Let's start from Binet's formula expressed in JavaScript:
const phi = (1 + Math.sqrt(5)) / 2;
const psi = (-1) / phi;
const fib = (n) => (phi ** n - psi ** n) / Math.sqrt(5);
We introduce a variable sr5
so we don't have to recompute the square root:
const sr5 = Math.sqrt(5);
const phi = (1 + sr5) / 2;
const psi = (-1) / phi;
const fib = (n) => (phi ** n - psi ** n) / sr5;
By inlining psi
we can write
const sr5 = Math.sqrt(5);
const phi = (1 + sr5) / 2;
const fib = (n) => (phi ** n - ((-1) / phi) ** n) / sr5;
which expands to
const sr5 = Math.sqrt(5);
const phi = (1 + sr5) / 2;
const fib = (n) => (phi ** n - (-1) ** n / phi ** n) / sr5;
When we look at the function only, we can extract the duplicate computation of phi
to the n
into a constant c
:
const fib = (n) => {
const c = phi ** n;
return (c - (-1) ** n / c) / sr5;
};
Let's also extract the exponentiation of -1 and since we need the negation of it, extract that negation as well:
const fib = (n) => {
const c = phi ** n;
const d = -((-1) ** n);
return (c + d / c) / sr5;
};
When we take a closer look at d
, we see that it is -1 for even values of n
and 1 for odd ones.
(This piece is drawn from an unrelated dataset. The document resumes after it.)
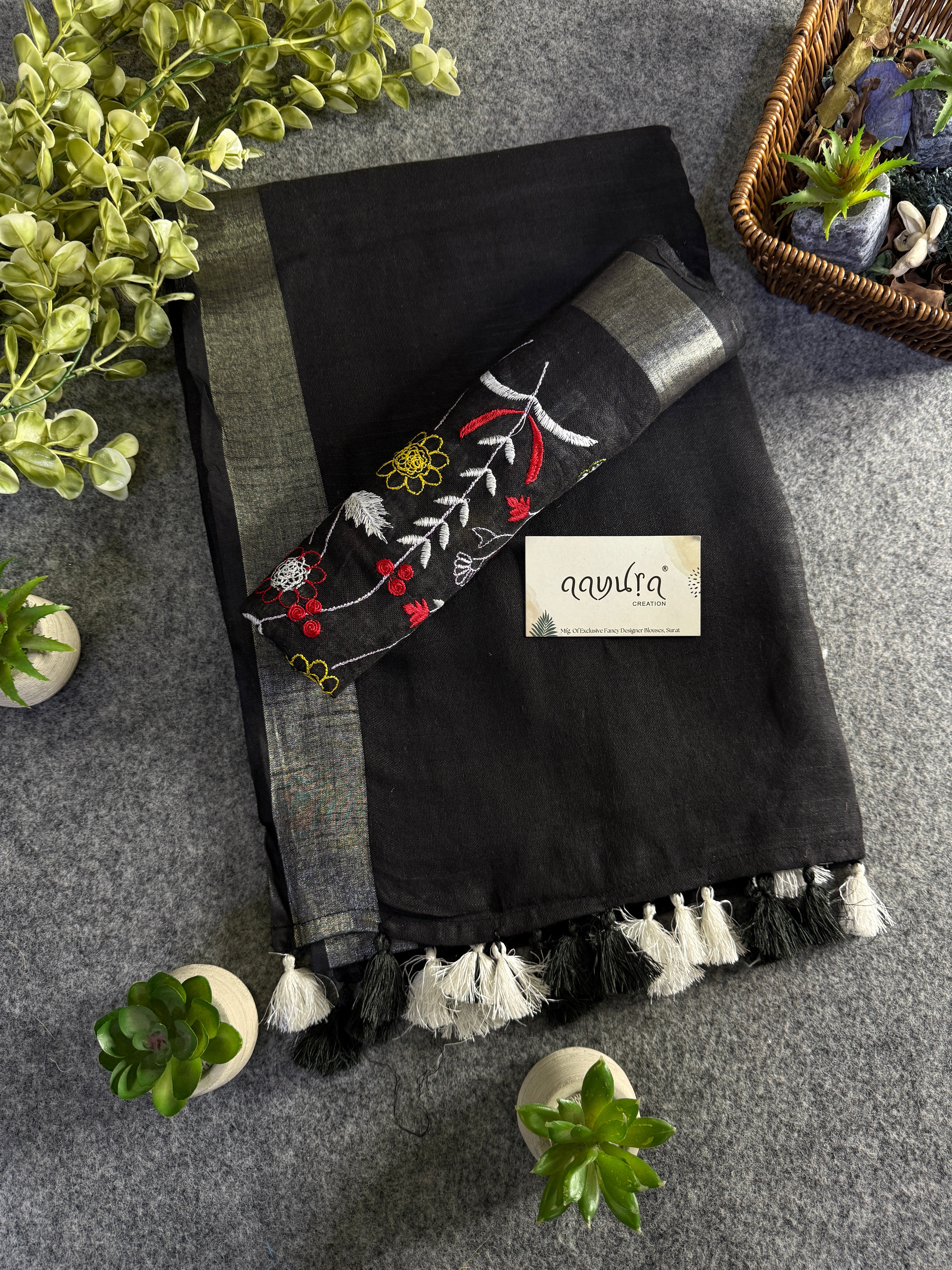 Classic Linen Charm Saree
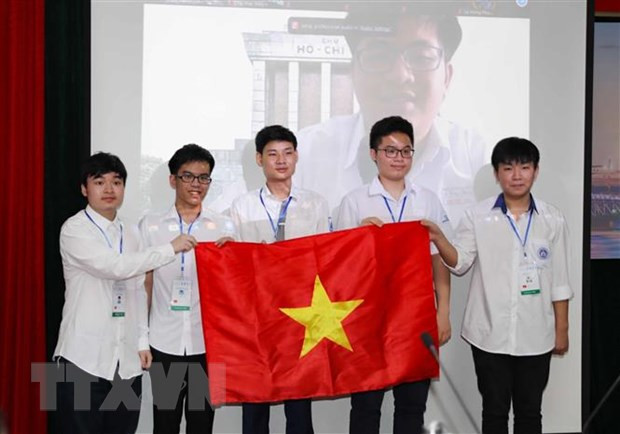 Cả 6 thí sinh Việt Nam tham dự Olympic Toán học quốc tế 2021 đều giành huy chương. (Ảnh: Thanh Tùng/TTXVN) Biểu dương học sinh đoạt giải Olympic và khoa học kỹ thuật quốc tế ảnh 1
So, n % 2
, which will give us either 0 or one, can be used instead of the exponentiation:
const d = n % 2 ? 1 : -1;
As the then branch of this expression equals the condition that leads to it, we can shorten this to
const d = n % 2 || -1;
By inlining d
again we get
const fib = (n) => {
const c = phi ** n;
return (c + (n % 2 || -1) / c) / sr5;
};
Now we want to zealously shorten the code replacing constant definitions by invocations of closures. Let's start with c
.
const fib = (n) => {
return (
(c) => (c + (n % 2 || -1) / c) / sr5
)(phi ** n);
};
Without the need for braces in the fib
function now and removing unnecessary parens we get
const sr5 = Math.sqrt(5);
const phi = (1 + sr5) / 2;
const fib = n => (c => (c + (n % 2 || -1) / c) / sr5)(phi ** n);
Let's use another closure accepting phi
as an argument and returning the actual fib
function:
const sr5 = Math.sqrt(5);
const fib = (phi =>
n => (c => (c + (n % 2 || -1) / c) / sr5)(phi ** n)
)((1 + sr5) / 2);
Doing the same again for the square root sr5
we get
const fib = (sr5 =>
(phi => n => (c => (c + (n % 2 || -1) / c) / sr5)(phi ** n))((1 + sr5) / 2)
)(Math.sqrt(5));
We can now shorten the variable names sr5
to a
and phi
to b
.
const fib = ( a => (b => n => (c => (c + (n % 2 || -1) / c) / a)(b ** n))((1 + a) / 2))(Math.sqrt(5));
Expressing the square root as 5 to the ½ and removing all whitespace we get the final definition:
const fib=(a=>(b=>n=>(c=>(c+(n%2||-1)/c)/a)(b**n))((1+a)/2))(5**.5);